◆ **PROMPT**: How many lines in the records below contain the word "Group"? Reply with that number only.

(Saved data entries)
----
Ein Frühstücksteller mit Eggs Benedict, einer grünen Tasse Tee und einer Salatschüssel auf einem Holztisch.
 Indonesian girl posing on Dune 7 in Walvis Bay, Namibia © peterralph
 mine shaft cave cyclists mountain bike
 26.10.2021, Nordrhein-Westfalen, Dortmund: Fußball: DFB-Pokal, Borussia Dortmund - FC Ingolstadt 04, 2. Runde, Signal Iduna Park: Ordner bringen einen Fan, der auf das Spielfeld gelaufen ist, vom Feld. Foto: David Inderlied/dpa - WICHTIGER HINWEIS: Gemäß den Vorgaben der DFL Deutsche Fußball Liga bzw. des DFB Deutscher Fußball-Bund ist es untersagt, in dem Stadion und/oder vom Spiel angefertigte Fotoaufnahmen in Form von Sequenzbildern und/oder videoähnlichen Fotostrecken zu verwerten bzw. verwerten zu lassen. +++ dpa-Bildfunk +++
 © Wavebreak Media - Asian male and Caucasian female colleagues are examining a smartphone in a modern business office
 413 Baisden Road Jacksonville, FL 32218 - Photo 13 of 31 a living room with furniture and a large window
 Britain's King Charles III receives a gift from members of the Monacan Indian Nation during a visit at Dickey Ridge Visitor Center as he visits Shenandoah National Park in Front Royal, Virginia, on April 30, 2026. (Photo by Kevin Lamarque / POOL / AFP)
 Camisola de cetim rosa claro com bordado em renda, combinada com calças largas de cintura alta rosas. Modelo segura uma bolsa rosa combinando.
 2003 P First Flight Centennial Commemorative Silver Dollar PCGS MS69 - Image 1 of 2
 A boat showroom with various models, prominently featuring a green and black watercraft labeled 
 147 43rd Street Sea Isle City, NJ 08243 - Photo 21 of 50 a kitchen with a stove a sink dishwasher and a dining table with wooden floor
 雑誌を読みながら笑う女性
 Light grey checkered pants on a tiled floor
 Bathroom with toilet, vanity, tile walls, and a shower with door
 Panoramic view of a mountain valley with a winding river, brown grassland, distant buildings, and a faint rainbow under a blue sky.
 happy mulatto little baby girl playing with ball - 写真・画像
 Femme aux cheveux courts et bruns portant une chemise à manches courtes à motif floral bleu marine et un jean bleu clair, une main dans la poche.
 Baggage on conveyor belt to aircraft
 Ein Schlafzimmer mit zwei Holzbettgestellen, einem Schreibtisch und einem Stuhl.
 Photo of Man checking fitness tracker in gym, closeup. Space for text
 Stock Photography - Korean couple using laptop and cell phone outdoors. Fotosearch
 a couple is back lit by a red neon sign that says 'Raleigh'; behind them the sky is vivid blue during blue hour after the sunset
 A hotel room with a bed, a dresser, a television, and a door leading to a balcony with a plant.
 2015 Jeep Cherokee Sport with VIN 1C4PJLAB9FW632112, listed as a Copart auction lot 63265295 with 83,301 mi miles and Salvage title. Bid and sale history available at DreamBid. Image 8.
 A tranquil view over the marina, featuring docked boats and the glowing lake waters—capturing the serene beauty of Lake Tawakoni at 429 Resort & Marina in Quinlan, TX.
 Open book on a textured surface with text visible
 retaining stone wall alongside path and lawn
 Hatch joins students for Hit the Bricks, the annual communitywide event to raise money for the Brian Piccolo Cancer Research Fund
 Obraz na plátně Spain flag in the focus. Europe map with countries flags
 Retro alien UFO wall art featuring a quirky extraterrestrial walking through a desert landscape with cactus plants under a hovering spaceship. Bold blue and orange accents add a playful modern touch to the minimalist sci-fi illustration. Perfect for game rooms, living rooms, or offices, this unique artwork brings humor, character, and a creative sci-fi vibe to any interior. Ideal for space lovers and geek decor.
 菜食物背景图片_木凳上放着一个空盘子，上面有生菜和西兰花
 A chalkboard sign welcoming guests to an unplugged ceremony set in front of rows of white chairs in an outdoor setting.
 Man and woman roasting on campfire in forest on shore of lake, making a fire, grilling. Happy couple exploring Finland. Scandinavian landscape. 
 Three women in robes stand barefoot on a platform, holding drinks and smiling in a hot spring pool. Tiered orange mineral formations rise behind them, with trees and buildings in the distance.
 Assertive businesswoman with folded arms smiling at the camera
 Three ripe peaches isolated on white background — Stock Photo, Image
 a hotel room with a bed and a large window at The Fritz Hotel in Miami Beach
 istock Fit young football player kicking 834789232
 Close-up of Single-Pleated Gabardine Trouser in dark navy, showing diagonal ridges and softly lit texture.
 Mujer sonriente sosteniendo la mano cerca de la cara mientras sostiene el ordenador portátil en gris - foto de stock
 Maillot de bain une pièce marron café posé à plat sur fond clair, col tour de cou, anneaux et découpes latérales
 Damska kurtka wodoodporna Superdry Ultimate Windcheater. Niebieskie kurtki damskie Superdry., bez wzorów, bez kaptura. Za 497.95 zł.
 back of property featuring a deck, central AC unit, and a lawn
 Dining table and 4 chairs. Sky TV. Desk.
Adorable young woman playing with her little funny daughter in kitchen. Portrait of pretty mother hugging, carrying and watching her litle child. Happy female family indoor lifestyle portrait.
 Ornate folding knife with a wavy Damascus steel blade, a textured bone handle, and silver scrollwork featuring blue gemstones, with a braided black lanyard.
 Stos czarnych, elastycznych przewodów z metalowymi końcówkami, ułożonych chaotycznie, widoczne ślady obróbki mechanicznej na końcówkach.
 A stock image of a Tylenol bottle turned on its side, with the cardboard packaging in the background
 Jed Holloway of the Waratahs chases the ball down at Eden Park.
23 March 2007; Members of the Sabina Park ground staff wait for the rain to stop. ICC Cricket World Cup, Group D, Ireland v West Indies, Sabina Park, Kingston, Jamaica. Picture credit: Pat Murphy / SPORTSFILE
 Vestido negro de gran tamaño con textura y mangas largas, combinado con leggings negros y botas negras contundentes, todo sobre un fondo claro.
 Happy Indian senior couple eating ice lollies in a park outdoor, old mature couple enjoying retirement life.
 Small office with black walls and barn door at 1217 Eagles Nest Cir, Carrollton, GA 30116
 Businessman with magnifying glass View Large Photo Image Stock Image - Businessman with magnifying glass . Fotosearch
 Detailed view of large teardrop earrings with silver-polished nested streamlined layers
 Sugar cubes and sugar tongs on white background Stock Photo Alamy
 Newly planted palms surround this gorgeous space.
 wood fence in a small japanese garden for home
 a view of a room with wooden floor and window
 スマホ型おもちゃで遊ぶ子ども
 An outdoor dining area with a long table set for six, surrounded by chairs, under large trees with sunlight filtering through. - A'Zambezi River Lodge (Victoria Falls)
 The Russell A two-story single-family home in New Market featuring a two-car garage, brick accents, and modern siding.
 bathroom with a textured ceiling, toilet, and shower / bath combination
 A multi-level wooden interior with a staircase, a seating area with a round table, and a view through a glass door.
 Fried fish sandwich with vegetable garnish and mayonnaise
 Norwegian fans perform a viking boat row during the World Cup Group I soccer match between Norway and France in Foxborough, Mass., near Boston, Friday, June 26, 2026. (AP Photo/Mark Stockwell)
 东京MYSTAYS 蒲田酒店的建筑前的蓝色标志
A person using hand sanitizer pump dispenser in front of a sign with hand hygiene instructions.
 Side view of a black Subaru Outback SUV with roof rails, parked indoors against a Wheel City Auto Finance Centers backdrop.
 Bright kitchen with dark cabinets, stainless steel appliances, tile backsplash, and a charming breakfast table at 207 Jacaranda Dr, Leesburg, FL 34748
----
◆ **SOLUTION**: 2